Il y a une constante dans ce milieu des prostitués masculins de la nuit. La violence. Tous les soirs, une bagarre, du sang qui coule. Tous les soirs, un type qui atterrit aux urgences. Toutes les nuits, un type qui perd ses illusions sur le lendemain qu’il ne veut pas voir. Tous les soirs un plus costaud qui vient prendre ta place et te met un gnon à l’œil et te laisse sans travail à cause d’un œil au beurre noir.

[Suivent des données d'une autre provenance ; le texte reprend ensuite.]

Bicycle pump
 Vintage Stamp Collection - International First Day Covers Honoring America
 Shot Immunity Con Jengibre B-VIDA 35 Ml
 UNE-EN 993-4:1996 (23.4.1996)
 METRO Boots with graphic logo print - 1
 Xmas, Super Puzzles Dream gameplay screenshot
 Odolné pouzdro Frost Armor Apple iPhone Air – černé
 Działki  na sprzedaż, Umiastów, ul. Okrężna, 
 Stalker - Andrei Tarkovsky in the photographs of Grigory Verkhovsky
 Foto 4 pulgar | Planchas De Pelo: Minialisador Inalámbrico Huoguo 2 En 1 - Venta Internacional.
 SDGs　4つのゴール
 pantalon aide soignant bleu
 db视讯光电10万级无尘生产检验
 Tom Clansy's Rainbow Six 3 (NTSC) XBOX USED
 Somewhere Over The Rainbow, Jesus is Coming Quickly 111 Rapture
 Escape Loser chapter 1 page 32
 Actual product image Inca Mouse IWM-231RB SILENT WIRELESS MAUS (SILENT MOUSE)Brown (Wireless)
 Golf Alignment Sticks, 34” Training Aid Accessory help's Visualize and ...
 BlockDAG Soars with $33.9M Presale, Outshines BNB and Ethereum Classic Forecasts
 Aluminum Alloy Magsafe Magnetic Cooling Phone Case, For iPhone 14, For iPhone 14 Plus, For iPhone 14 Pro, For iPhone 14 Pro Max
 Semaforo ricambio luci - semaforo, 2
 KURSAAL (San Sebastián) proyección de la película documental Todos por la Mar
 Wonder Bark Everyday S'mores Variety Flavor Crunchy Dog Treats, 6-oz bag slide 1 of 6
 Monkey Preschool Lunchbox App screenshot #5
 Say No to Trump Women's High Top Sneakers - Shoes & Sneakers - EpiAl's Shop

Cicatrices et cassage de gueule
Parce que qui voudrait batifoler avec un individu qui porte encore les stigmates de la violence, ce qui est l’anti-plaisir par excellence ? « On se bagarre souvent, parce que c’est un monde où la plus forte gagne plus d’argent. Il y a des types qui nous agressent, ce sont des drogués qui veulent baiser gratuitement, alors ça éclate et souvent il y a des coups de couteaux et du sang. Souvent la police vient embarquer tout le monde. « On est relâché après, présenté au tribunal pour coups et blessures ». À Oukacha, ils vont purger entre trois et six mois, et ressortent pour retrouver la rue. Ils sont plus coriaces, plus durs à cuire. Et le cycle de la violence monte d’un cran.
Les jeunes portent des scarifications fruits de plusieurs automutilations, sinon des font tentatives de suicide ou encore de coups infligés par des concurrents de la rue. « Une fois, trois types qui travaillaient dans le parc sont venus ici et m’ont attaqué. Je n’avais pas de problème avec eux, je les connaissais de vue, mais ce soir-là ils sont venus ici exprès pour créer du grabuge. J’ai eu la main droite cassée et j’ai perdu une dent.
Les services de police luttent contre toute cette violence, mais elle est tapie partout. Et les jeunes qui font le trottoir savent comment se débrouiller dans les méandres de la ville. Ils ont leurs cachettes, leurs raccourcis et leurs couvertures. Le monde de la nuit ayant ses propres règles, il est difficile de savoir qui est qui et qui fait quoi.
Reste que pour tous ces jeunes qui sont là, tous les soirs, (il suffit de faire un tour en voiture au-delà de minuit pour voir toute cette faune étalée et dans l’expectative), les nuits se suivent et se ressemblent : un client, une moto qui s’arrête, la portière d’une bagnole qui s’ouvre, un coup bas, quelques dirhams, quelques contusions dans l’âme, la mort qui frôle de près et aucun espoir.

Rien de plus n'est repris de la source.